Retype the listing below exactly, pictures removed.
------------------------------------
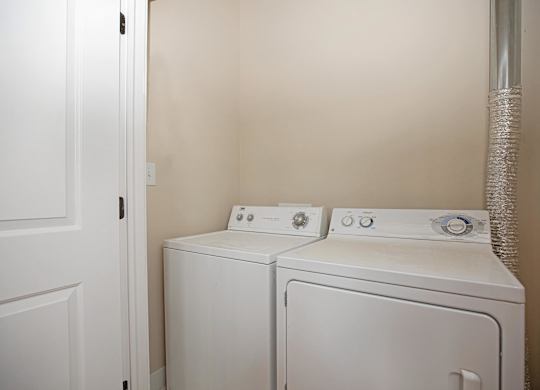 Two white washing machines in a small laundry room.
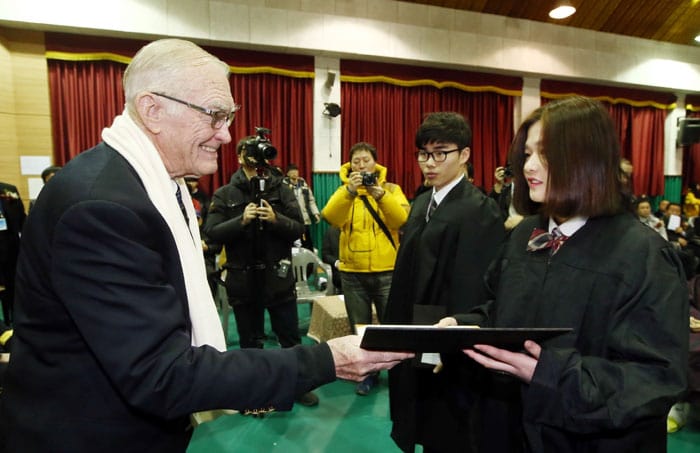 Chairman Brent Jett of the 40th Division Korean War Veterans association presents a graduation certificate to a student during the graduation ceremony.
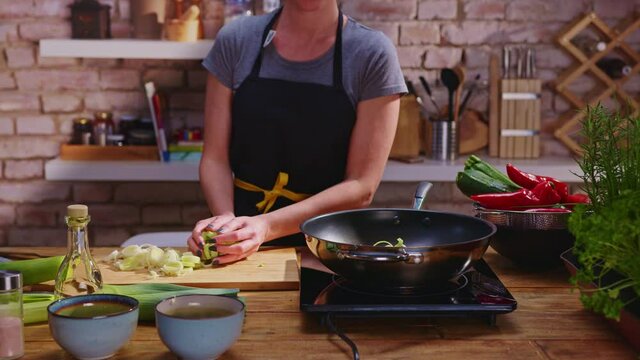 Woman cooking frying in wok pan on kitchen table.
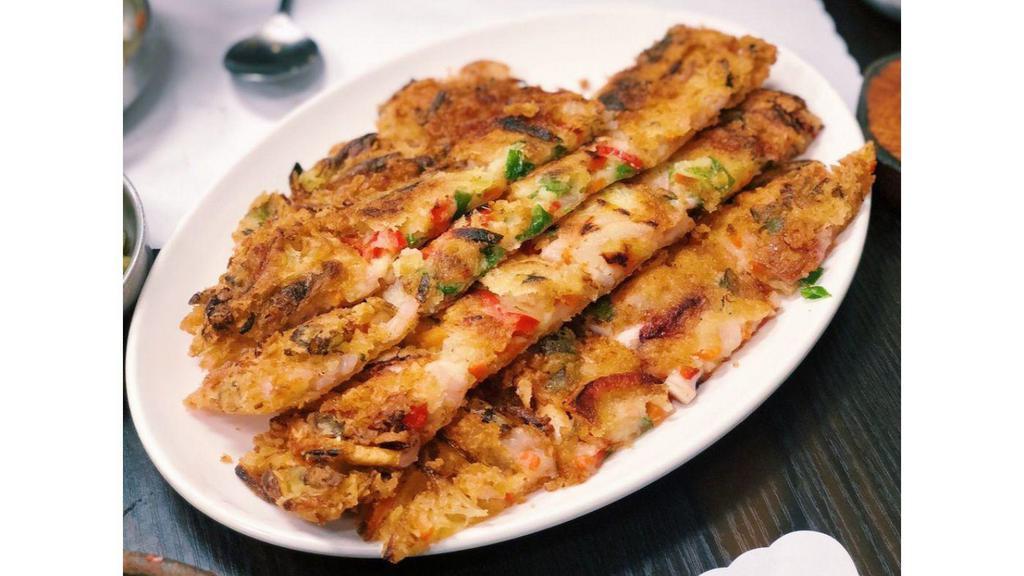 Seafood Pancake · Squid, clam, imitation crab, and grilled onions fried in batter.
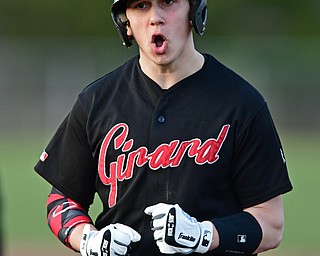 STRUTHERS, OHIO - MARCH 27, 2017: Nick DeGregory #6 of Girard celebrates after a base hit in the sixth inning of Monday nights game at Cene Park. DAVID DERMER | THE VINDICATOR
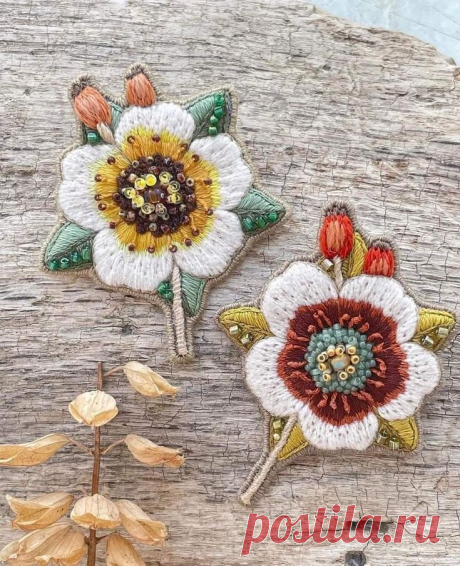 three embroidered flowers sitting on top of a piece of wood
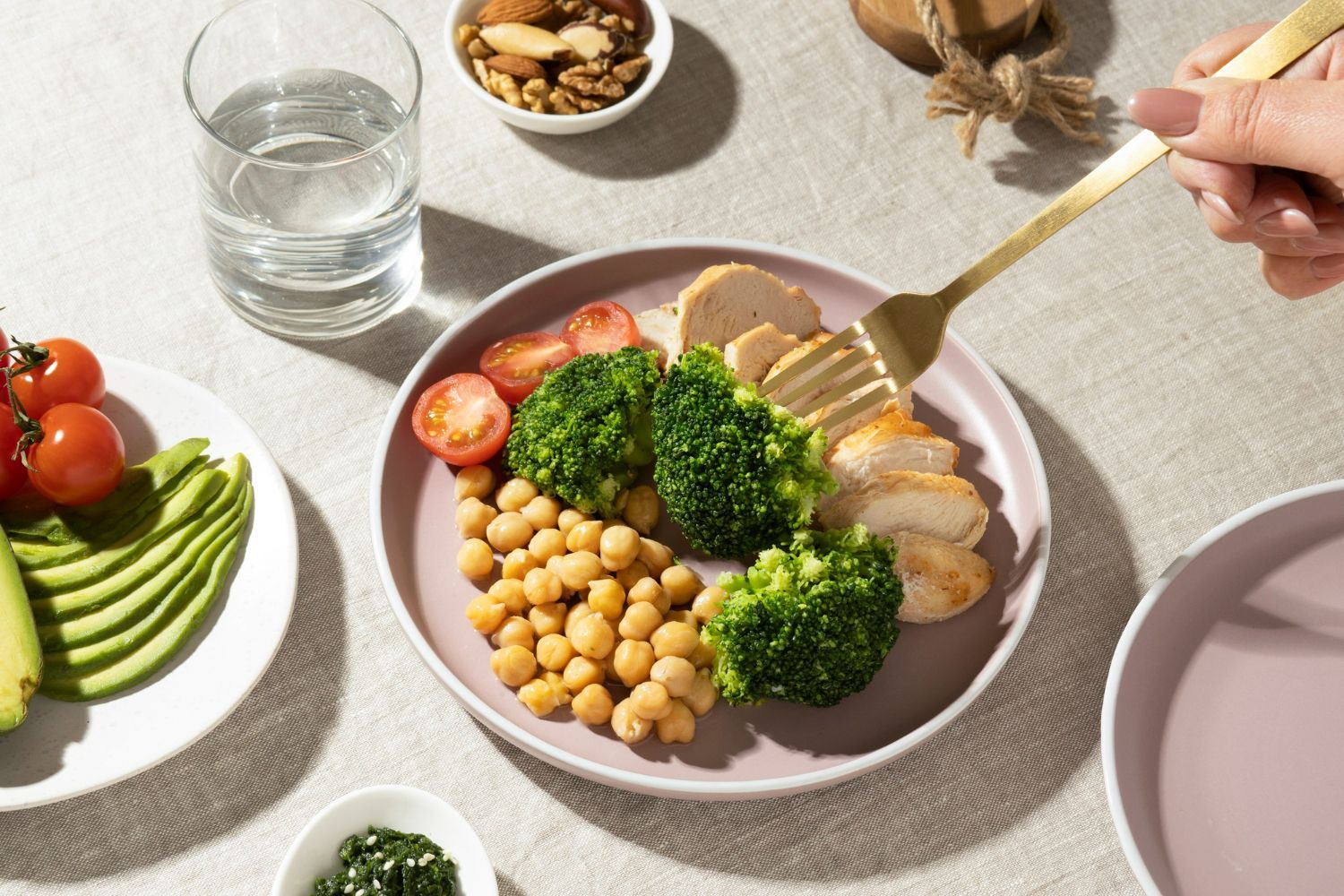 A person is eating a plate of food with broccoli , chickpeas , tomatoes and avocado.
------------------------------------
_Expected output:_
 Two white washing machines in a small laundry room.
 Chairman Brent Jett of the 40th Division Korean War Veterans association presents a graduation certificate to a student during the graduation ceremony.
 Woman cooking frying in wok pan on kitchen table.
 Seafood Pancake · Squid, clam, imitation crab, and grilled onions fried in batter.
 STRUTHERS, OHIO - MARCH 27, 2017: Nick DeGregory #6 of Girard celebrates after a base hit in the sixth inning of Monday nights game at Cene Park. DAVID DERMER | THE VINDICATOR
 three embroidered flowers sitting on top of a piece of wood
 A person is eating a plate of food with broccoli , chickpeas , tomatoes and avocado.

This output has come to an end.